Sarcomere
Structure and Function
A sarcomere is the basic functional unit of striated muscle tissue. It is the part of the muscle that actually contracts. Sarcomeres are composed of long, fibrous proteins that slide past each other when the muscles contract and relax. Two of the important proteins are myosin, which forms the thick filament, and actin, which forms the thin filament.
The structure of a sarcomere is fairly complex. The thick filaments of myosin are located in the center of the sarcomere, surrounded by the thin filaments of actin. The area where the thick and thin filaments overlap is called the A band. The area that contains only thin filaments is called the I band. The center of the A band, which contains only thick filaments, is called the H zone. The M line is a structure that runs down the center of the A band and appears to anchor the thick filaments. The Z line, or Z disc, defines the boundaries of each sarcomere.
Contraction Mechanism
The contraction of a sarcomere is triggered by the nervous system. Neurons release a chemical neurotransmitter at the neuromuscular junction, the point where nerve endings meet the muscle cells. This causes an electrical change in the muscle cell's membrane, the sarcolemma, and triggers the release of calcium ions (Ca2+) from the sarcoplasmic reticulum, a specialized endoplasmic reticulum in muscle cells.

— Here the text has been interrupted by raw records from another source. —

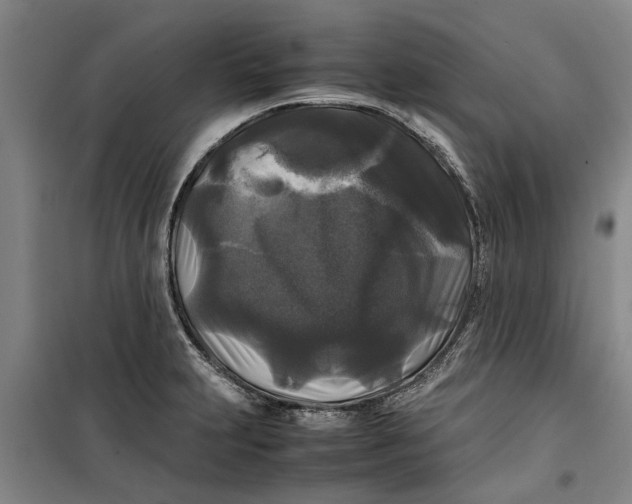 X0000099411231200805301338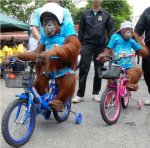 fotos_chistosas_de_animales_1[1].jpg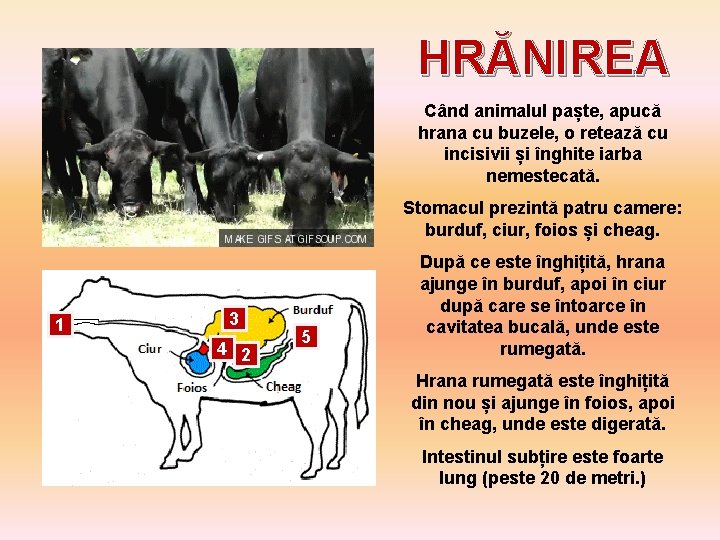 HRĂNIREA Când animalul paște, apucă hrana cu buzele, o retează cu incisivii și înghite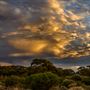 Goldfields - Esperance Region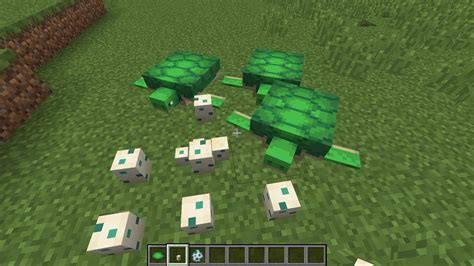 Minecraft Mobs Explored Turtle A Passive Mob That May Be Worth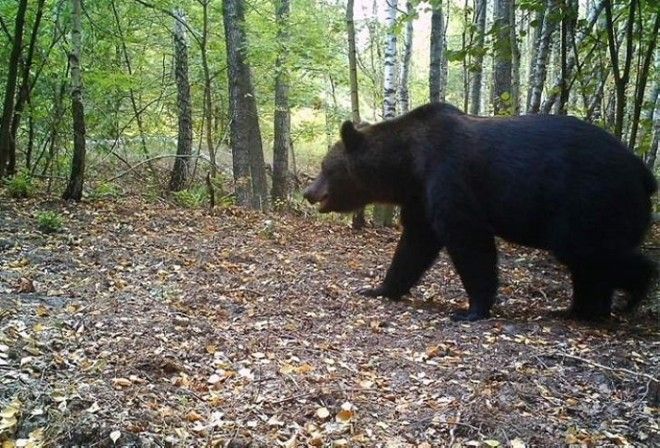 15 фото животных которые вновь обживают Чернобыль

The increase in calcium ion concentration initiates the interaction of myosin and actin. The myosin heads bind to the actin filaments, forming cross-bridges. Powered by the hydrolysis of ATP, the myosin heads then pull on the actin filaments, causing them to slide toward the center of the sarcomere. This sliding of actin filaments over myosin filaments is known as the sliding filament model of muscle contraction. The entire process is also known as the cross-bridge cycle.
Regulation of Contraction
The interaction of myosin and actin is regulated by the proteins tropomyosin and troponin. Tropomyosin is a protein that winds around the chains of the actin filament and covers the myosin-binding sites to prevent actin–myosin interaction when the muscle is not contracting. Troponin is a complex of three proteins attached to tropomyosin. When calcium ions bind to the troponin complex, it changes shape and moves tropomyosin away from the myosin-binding sites on actin, allowing for muscle contraction to occur.
Role in Muscle Diseases
Abnormalities or damage to the sarcomere can lead to various muscle diseases. For example, mutations in sarcomeric proteins can lead to hypertrophic cardiomyopathy, a disease in which the heart muscle becomes abnormally thick. Other diseases, such as muscular dystrophy, involve a progressive weakening and wasting of the muscles. In these diseases, the sarcomeres are not able to function properly, leading to the symptoms of the disease.